Oakland has the better offensive/defensive combination by the sum of 40.16 Net Runs Above Average. That is a great deal of runs and makes me think the A's are capable of winning the division handily, and taking it soon. But we have not checked out the pitching situation yet. Something has to be making Anaheim win, and if it is not offense and defense, maybe their pitching is superior. Let's take a look at that.
Angels starters are three Pitching Runs Above Average (PRAA) better than the Athletics starters, but that can be explained away by the absence of Rich Harden in the rotation for a time. He easily would have added 3 more PRAA to his total in the starts he missed. They are also 5 Pitching Runs Above Average (PRAR) behind, but that is a small total (one that again is bigger if Harden's injury is taken into account.) An argument could be made they do not have the depth Oakland does in the rotation, but they make up for that with their bullpen. The Angels pen is one PRAA ahead of Oaklands (again, we have injury to blame. K-Rod was out and Scot Shields was the only dominant force in the pen. Huston Street was out as well for the A's, so this issue is cloudier than the rotation one). Their PRAR is huge though; 22, and it would be even more if they ignore Kevin Gregg (which they have been doing as of late from what I hear).

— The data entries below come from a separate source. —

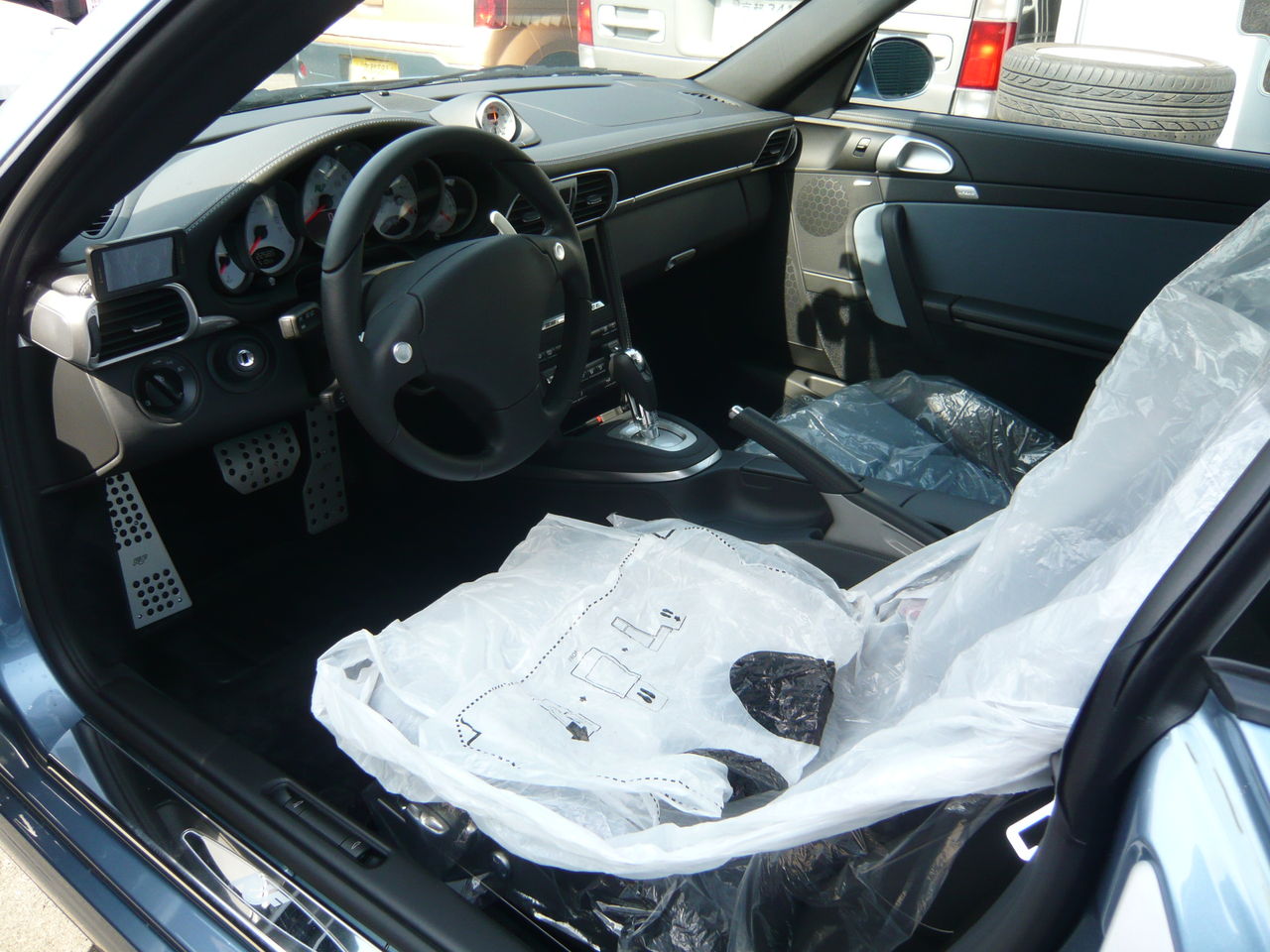 Ruf997 納車 ミニ リアシートキズ補修 シュトルツ京都 業務日報 Ruf997 納車 ミニ リアシートキズ補修 シュトルツ京都 業務日報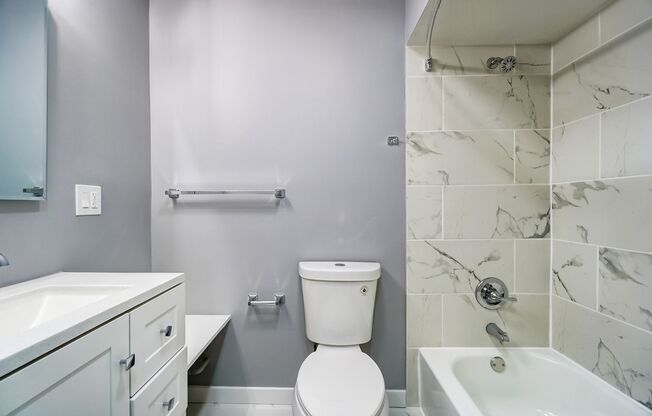 3 beds, 2 baths, 1,130 sqft, $1,875, Unit 5564-03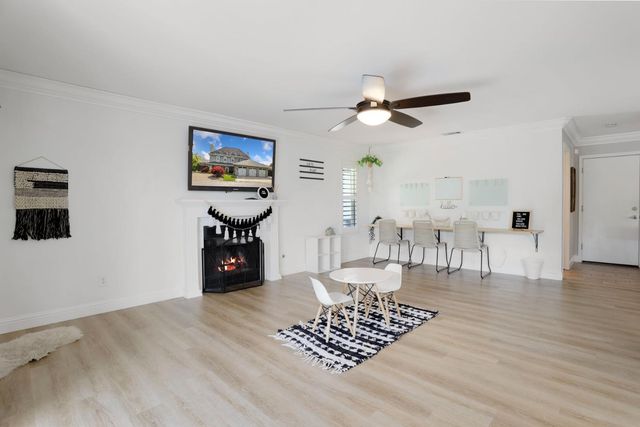 248 River Oaks Dr, Lodi, CA 95240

This is how the Angels have been winning. Their offense and defense is no match for the A's, their rotation is of a lower quality, but their bullpen trumps the A's pen. With their smallball tendencies the pen is even more important than it is for some teams, because they are supposed to keep the Angels in games while they scrape and claw back into it. Not exactly the best strategy for the playoffs though; when the Angels have to face teams like the A's who are better at everything except using their bullpen. There could be issues if the A's beat up on an Angels starter and the game is lost early on (think ALDS against Boston in 04'). If the Angels offense is not running on full cylinders like it did in the 2002 playoffs then they will not succeed in a 5 or 7 game series with a more complete team like Oakland. If Joe Kennedy and Jay Witasick can continue pitching well out of Denver then the Angels bullpen advantage is slimmer than it appears now, further lowering their chances of winning the division.
If you notice, there is only one big NRAA gun on Anaheim, and that is Vlad Guerrero. If he slumps for a significant period of time (only a .208/.264/.376 line in July) the Angels will suffer for it. The A's on the other hand have Crosby, Johnson, and Chavez (.379/.440/.699 in June and .272/.333/.495 in July) to maintain the offense (and if emergency struck, possibly Daric Barton for a short time). Depth is the key to the A's stretch drive, and as much as the Angels can survive through injuries I don't think their depth matches up with Oaklands.
One last thing; Oakland is a better team than the numbers show here, because many of these players are playing better since the end of May or so than their season total suggests. Jason Kendall and Eric Chavez are worth much more than their NRAA suggests at this point, which I believe could increase the A's advantage of NRAA to as much as 50 runs above average or more. It will be an interesting race down the stretch for the AL West with these two teams.